OK, super honesty time.
I’ve actually been fretting about posting this blog entry. I wrote it and it has sat in my drafts folder for the last week or so. I guess I’m just afraid that people will get the wrong idea about my intentions and what my priorities are right now. But, I can’t run away from how I’m feeling! So here goes…
For the first time, I think ever, I’m feeling very “meh” about an audition. It’s a strange feeling! I’ve always been so passionate about my career and clarinet playing. I’m just not feeling it this time. Not too long ago, I was so motivated to get to a DC band, it was almost everything to me!
What changed? Well, the birth of my son probably has a lot to do with it!. All of the sudden, my life has shifted its focus onto this little human that I created, and not on my career. My needs or desires don’t seem to matter to me anymore. And I’m strangely ok with that.
And again, super honesty time. I’m sooooo in love with Hawaii. It seems selfish, but I don’t care. If I win this audition next month I would have to leave my current duty station early. And I just don’t want to do leave yet. In fact, I am trying to extend my tour here!
With all that being said, I am still taking the audition, and I am still taking it very seriously. I’m still committing to the preparation and the intention to do well. I feel like I owe it to my past self, and probably my future self. I’ve had such big changes in my life as of late, I simply cannot trust that I truly know what’s best for me and my career right now. I mean, I am the sole breadwinner in my family right now. So it matters how my career unfolds, even though I don’t seem to really care right now.
I’ve officially completed “phase one” of my preparation, which is just woodshedding the technique of the excerpts. (Read my post about audition prep to see what my process is) I’m happy to say that everything is under my fingers. Is it good? Not really.
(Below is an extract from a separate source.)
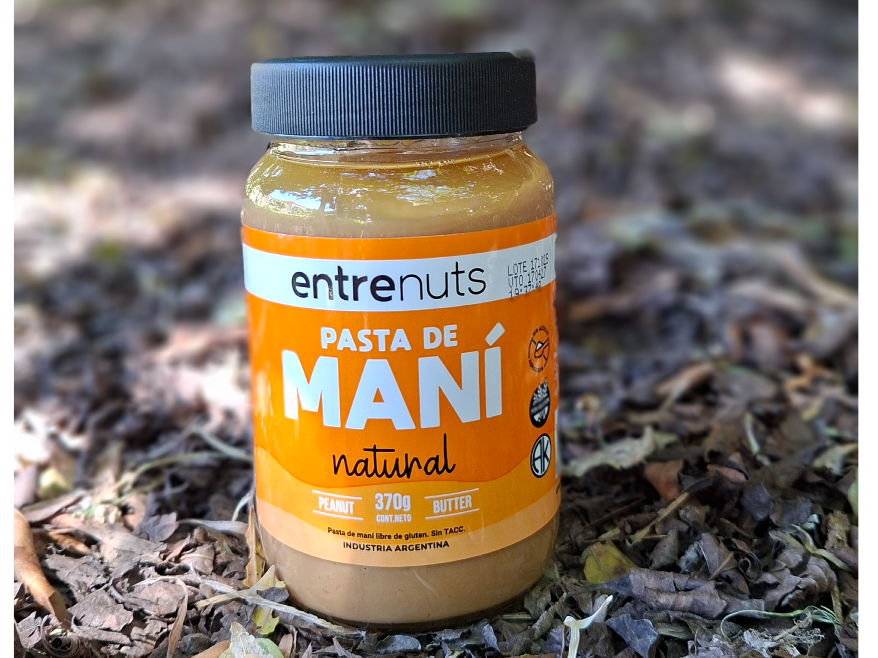 Pasta de maní natural x 370grs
But that’s what “phase two” is for…polishing! Also, there are several non-technical excerpts that I haven’t even touched yet. Luckily, the excerpts are not nearly as difficult as the last time I auditioned for the Navy Band, so I don’t feel as flustered and crazy stressed out as I did then. I’ve also noticed that I have had significantly less snarky social media posts about my preparation this time…this has been the only one so far:
When I look at it unbiasedly (is that a word?) everything about winning the audition is good for me in the long term: a promotion, permanent duty, being able to just play clarinet until retirement, etc. So obviously I’m going to try my best, because my family deserves that from me. But is my heart really in it? No. Not right now anyway. But who knows, maybe that will help my nerves when the time comes!